#### Instructions for the task
Your copy of the entries below should hold exactly the lines from the one containing "These hot plates" to the one containing "Earlier today, 5", inclusive, and no pictures.

#### Data provided
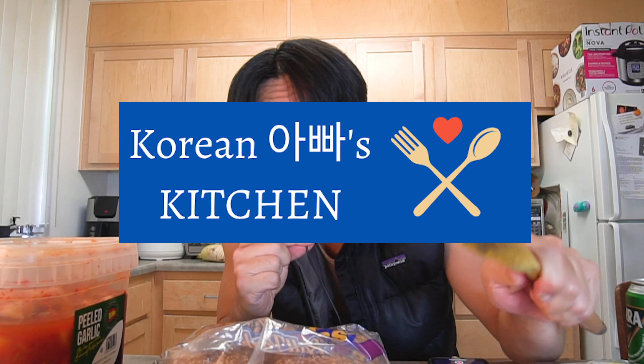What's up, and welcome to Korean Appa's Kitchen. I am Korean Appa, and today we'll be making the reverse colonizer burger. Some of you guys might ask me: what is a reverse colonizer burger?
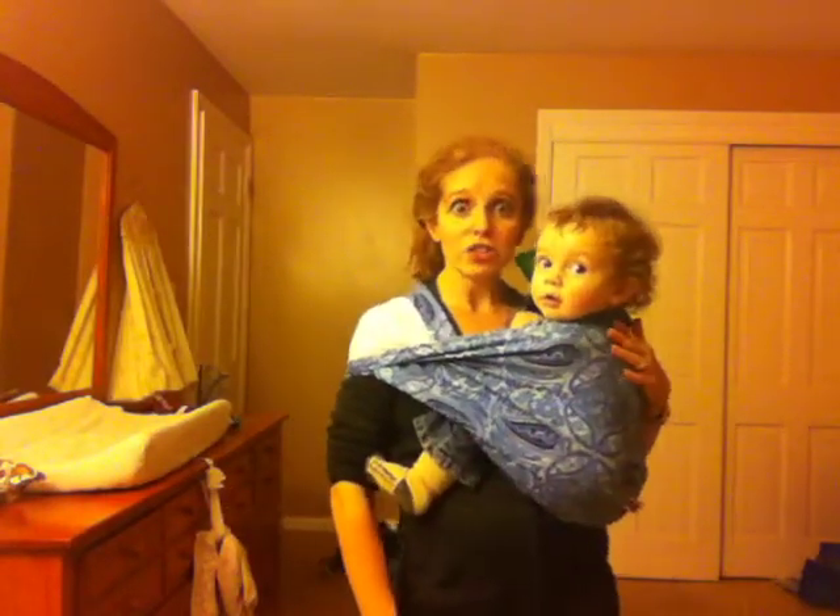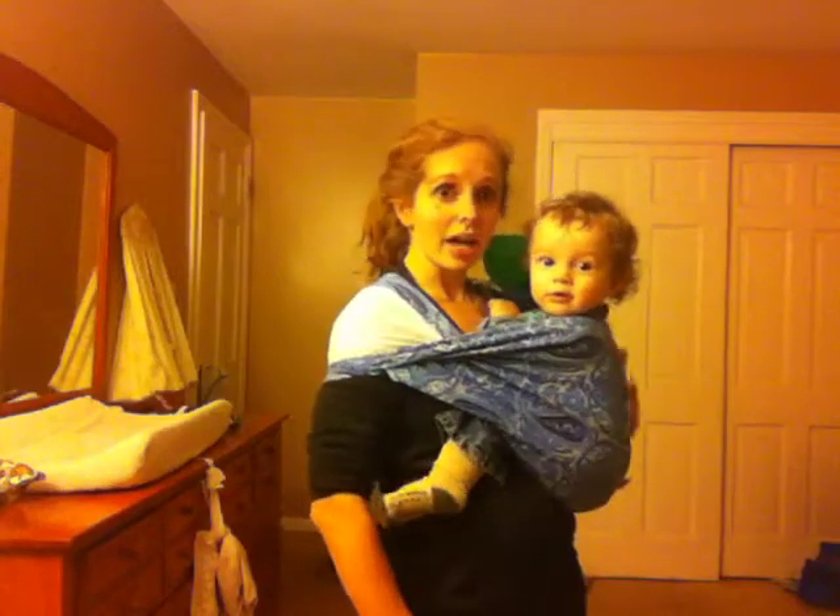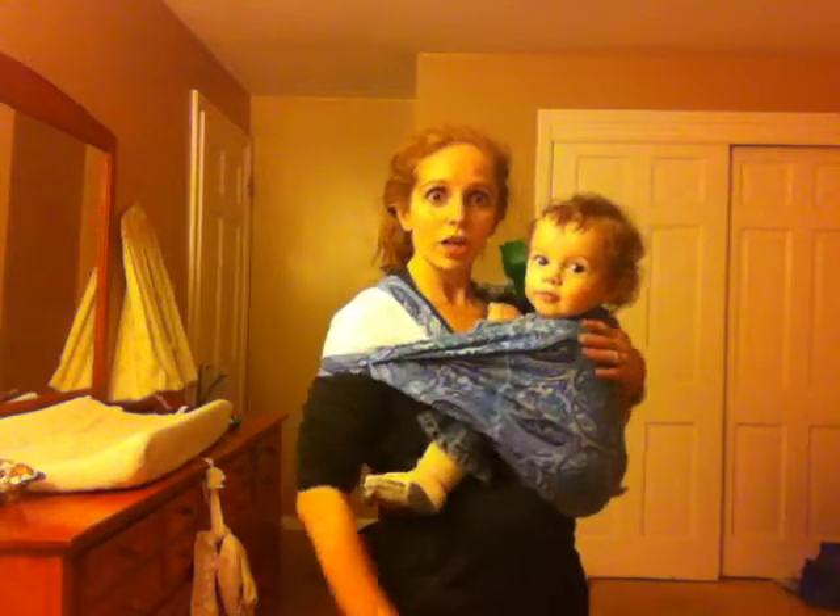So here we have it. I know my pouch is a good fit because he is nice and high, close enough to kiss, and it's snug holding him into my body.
* * *
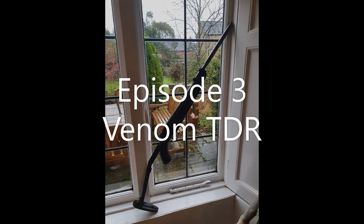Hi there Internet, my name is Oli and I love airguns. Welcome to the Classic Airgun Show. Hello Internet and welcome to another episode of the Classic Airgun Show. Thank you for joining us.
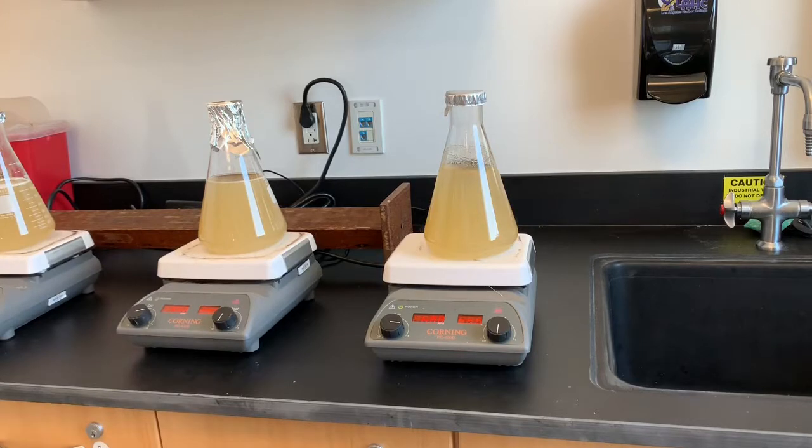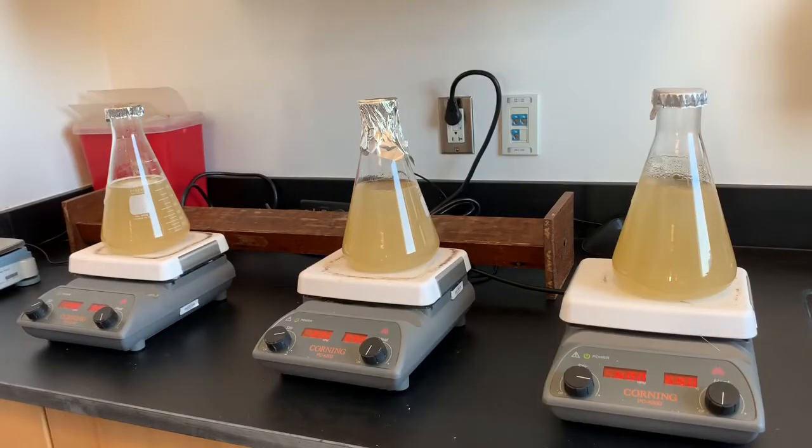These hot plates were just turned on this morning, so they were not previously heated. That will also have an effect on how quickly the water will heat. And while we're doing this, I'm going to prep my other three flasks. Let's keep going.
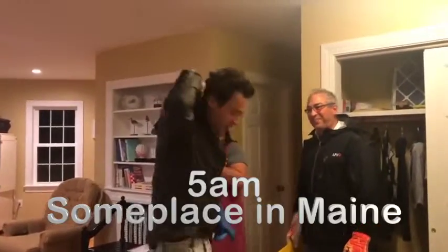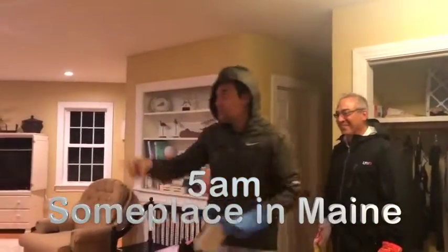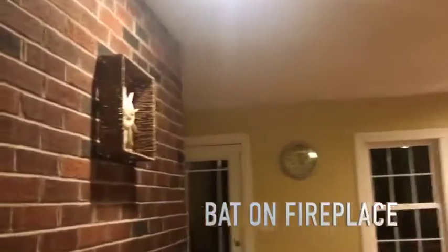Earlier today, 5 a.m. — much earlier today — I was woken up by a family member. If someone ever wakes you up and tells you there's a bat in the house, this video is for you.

#### Response box
These hot plates were just turned on this morning, so they were not previously heated. That will also have an effect on how quickly the water will heat. And while we're doing this, I'm going to prep my other three flasks. Let's keep going.
Earlier today, 5 a.m. — much earlier today — I was woken up by a family member. If someone ever wakes you up and tells you there's a bat in the house, this video is for you.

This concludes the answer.